According to society I am probably not any thing close to a “good stay at home mom”
Here is the truth…the ugly, raw truth. The truth no one wants to talk about….
Let’s start here; If you really do keep all the things together, everyday, and you really do bake cookies with your hair perfect, and make up on daily….
Good for you Sharron, I want to be you. However, the honest truth is that I am just not….and to be honest I think that many of us are just not.
And THAT’S OKAY!!
I more often than I would like to admit don’t have laundry caught up… I mean in my deference they’re 5 of us. I more than I would like to admit, have to go grab clean underwear out of the dryer as opposed to my drawers. But it is clean, so basically I am not doing too bad…at least that’s what I tell myself.
I brush my hair once a week…maybe two if I am going somewhere. Seriously, I have three tiny humans that depend on me for survival, not my hair to be done. Don’t worry I do at least brush it when I leave my house. If I find time for a shower, to just wash it, I am happy with that. I don’t try to get greedy with too much self-care at one time.
I am more than content with living in leggings…. Leggings are the uniform of my people.
If I can’t wear legging’s I’m going to need a good running list of why I need to go. Kinda not even kidding.
Am I supposed to cook a well balanced meal every night? I am not doing that either, most nights, yes I am actually pretty good about it, but sometimes it’s take out or a last-minute thrown together idea of a meal. Some days, really they should just be lucky they’re eating after the day they put me through.

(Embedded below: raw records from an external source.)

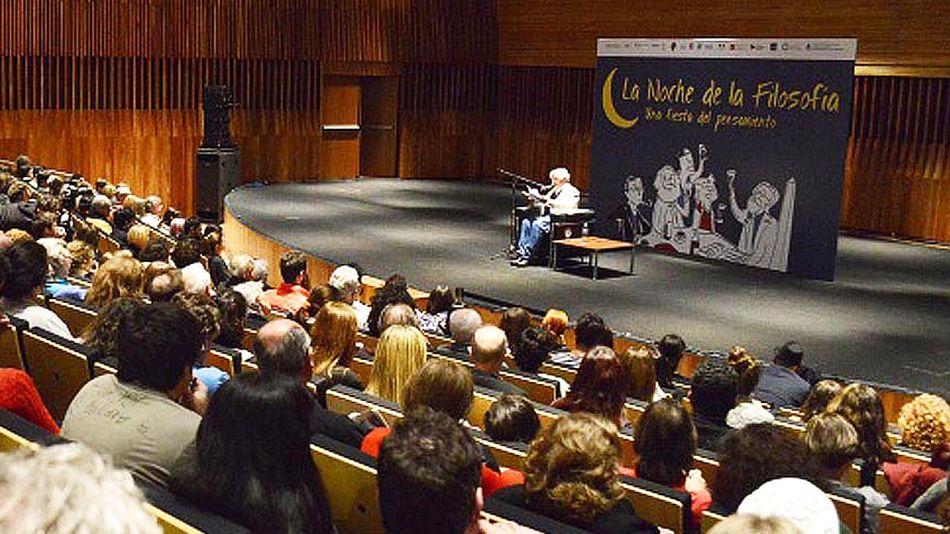 20190628_filosofia_noche_cedoc_g.jpg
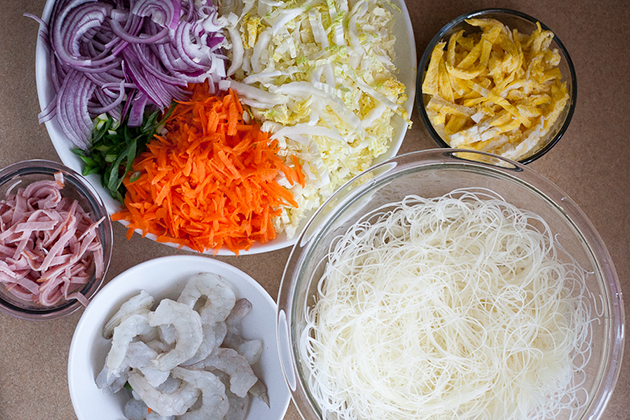 Tasty Kitchen Blog: Singapore Noodles (Singapore Mei Fun). Guest post by Natalie Perry of Perry's Plate, recipe submitted by TK member Sarah of The Woks of Life.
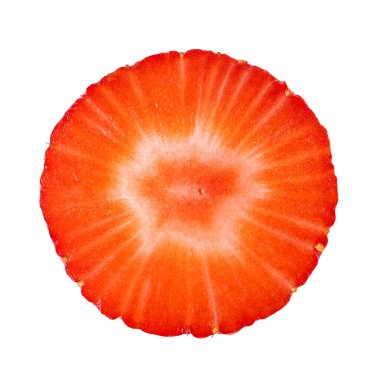 Beyaz üzerine izole edilmiş çilek dilimini kes.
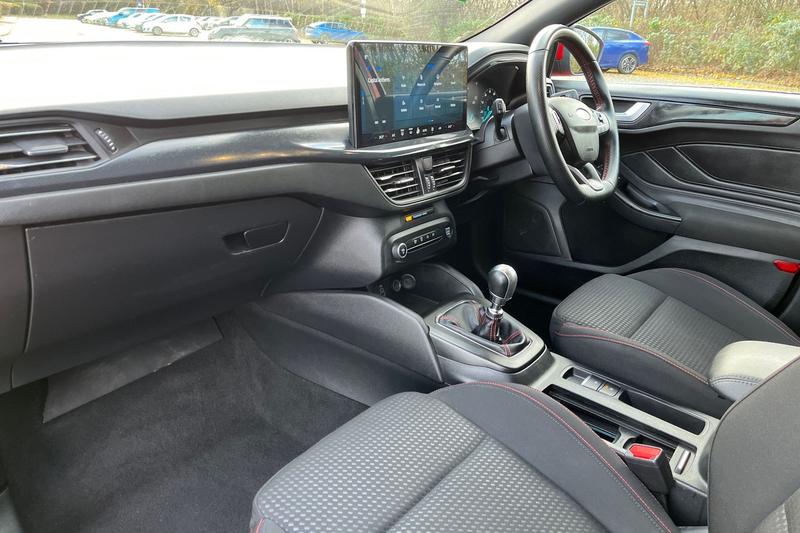 Used Ford Focus 2023 for sale - 76862503: Photo 18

These kids are hard!! I mean seriously, they are. I love them every single day, but some days…I just don’t like them. Keeping them alive is harder than you would actually think. The days my middle son has broken a carton of eggs in my carpet, those days are especially hard. (This has happen more than once as well) Keeping your sanity is harder than you think it is as a mom. Sure, they’re sweet, and cute. They are also the devil in tiny form on some days, or in my case most days.
Honestly, I really could go on, and on with the things I am “failing” at. I could tell you stories that you would probably make you feel like you’re mom of the year when you’re done reading. However, I could also tell you stories about the days I am super mom, and do all the things… but, the truth is that I am not that mom everyday. I am not that wife everyday.
Are any of us THAT mom/wife everyday?
What I have learned lately, is that it’s OKAY…. as we where all sitting around the table last night, eating a meal I had thrown together, at some point we had all stopped eating , and where singing baby shark with the toddlers. You know what… in that moment I realized they won’t remember what we are eating, if the floor was dirty, that the laundry was not done, if there was dishes in the sick, or what I looked like that day.
They WILL remember the love around that dinner table, the fun we had as a family in such a simple way, singing baby shark.
That IS what makes me a good mom…
Sure, maybe I am not killing this SAHM thing everyday, and sure I make many mistakes, and slack on what I THINK is important, but what I AM doing… Is taking care of my family, loving them unconditionally, and making memories that they will always remember..
Being a mom is tough whether you are staying home, working, or a single Momma.
Don’t be so hard on yourself for what you think you’re not doing, and be proud of yourself for what you ARE doing!
Keeping little humans alive is tough. Period.